Your answer should be only the lines below from the one with "8240 E Wingspan" to the one with "This brick home", repeated exactly, ends included.

▶ [Dataset entries]
= = = =

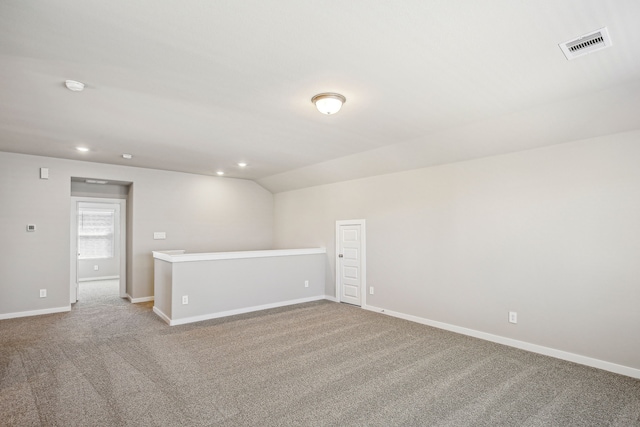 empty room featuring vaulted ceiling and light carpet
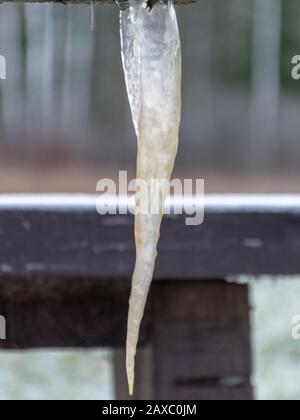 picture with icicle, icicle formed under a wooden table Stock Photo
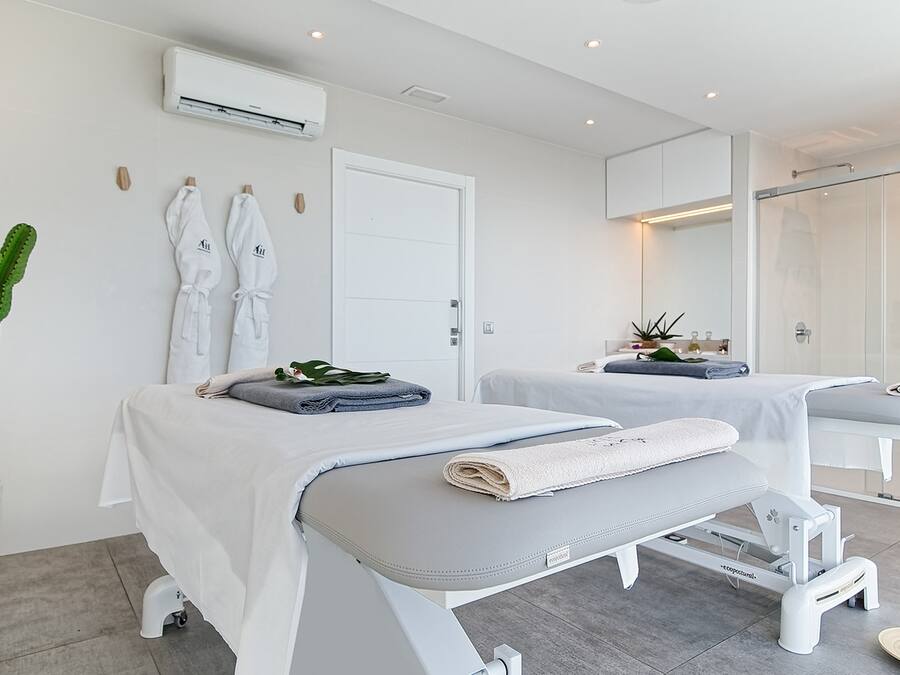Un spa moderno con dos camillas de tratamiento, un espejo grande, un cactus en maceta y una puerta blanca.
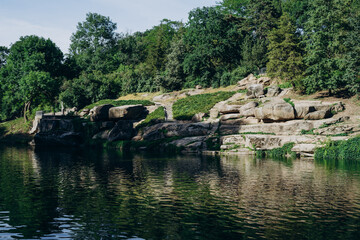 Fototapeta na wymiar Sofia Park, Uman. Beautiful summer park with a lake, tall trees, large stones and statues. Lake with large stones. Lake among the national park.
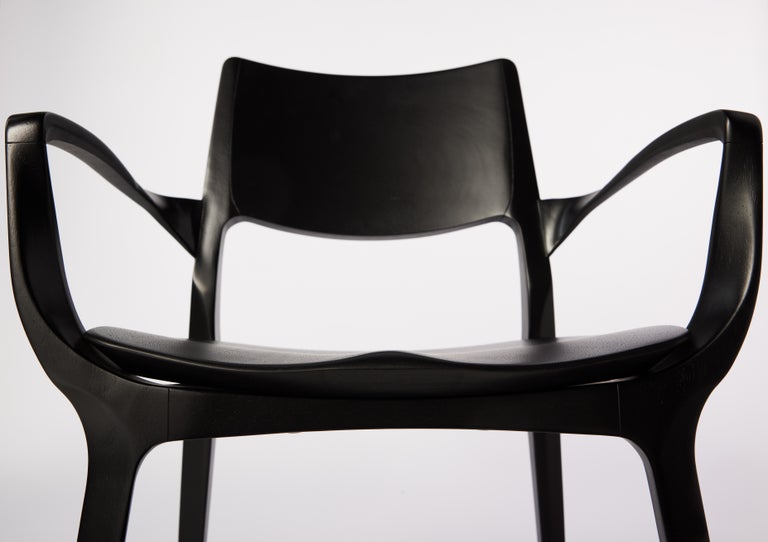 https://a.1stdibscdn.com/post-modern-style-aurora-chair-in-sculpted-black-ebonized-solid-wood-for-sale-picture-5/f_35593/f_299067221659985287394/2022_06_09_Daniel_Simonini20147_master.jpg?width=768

= = = =

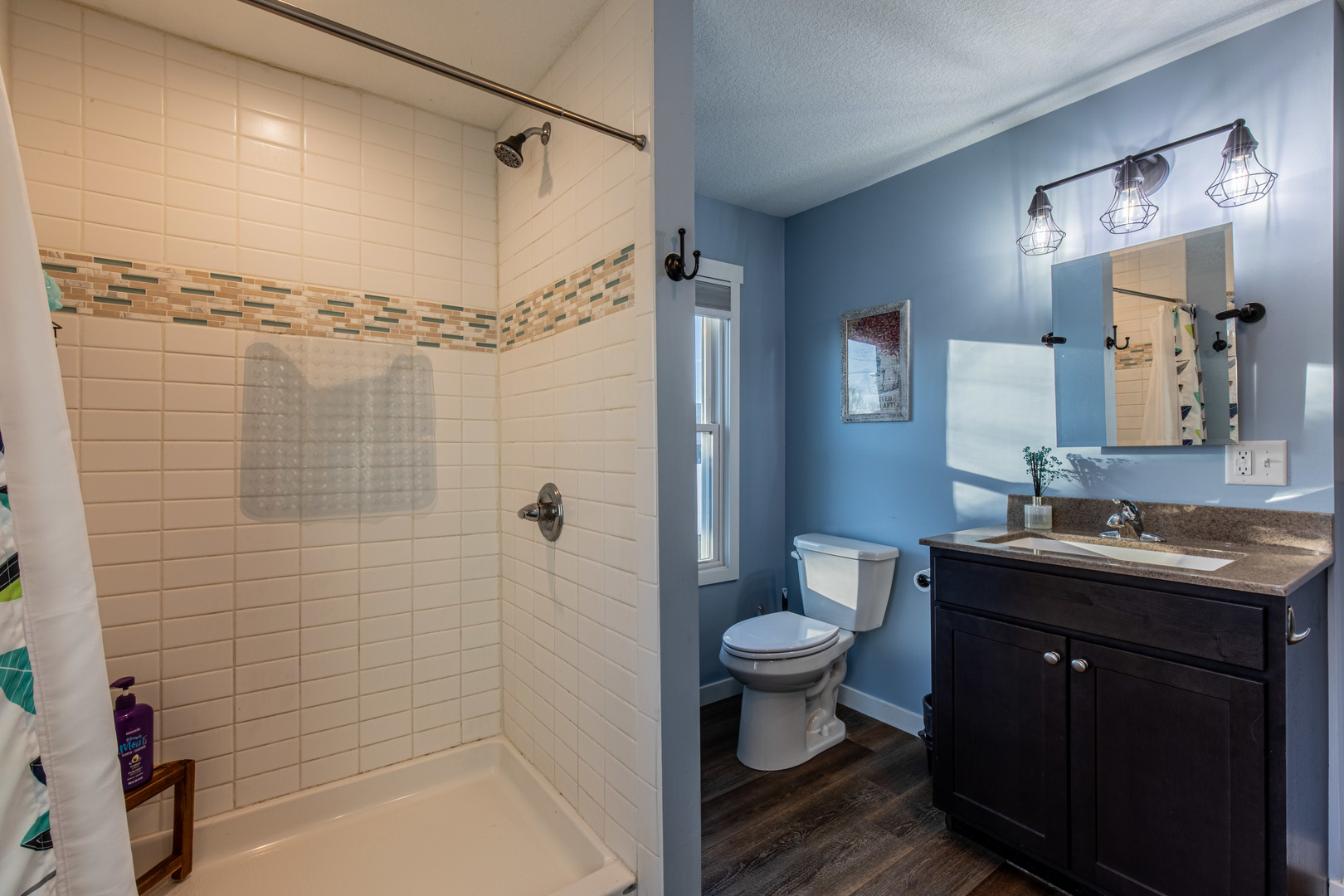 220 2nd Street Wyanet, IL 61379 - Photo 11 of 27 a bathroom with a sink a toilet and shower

= = = =

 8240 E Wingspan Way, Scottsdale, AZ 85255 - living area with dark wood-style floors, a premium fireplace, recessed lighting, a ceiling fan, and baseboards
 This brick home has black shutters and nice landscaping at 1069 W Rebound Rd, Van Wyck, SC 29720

= = = =

▶ [Response to the exercise]
 8240 E Wingspan Way, Scottsdale, AZ 85255 - living area with dark wood-style floors, a premium fireplace, recessed lighting, a ceiling fan, and baseboards
 This brick home has black shutters and nice landscaping at 1069 W Rebound Rd, Van Wyck, SC 29720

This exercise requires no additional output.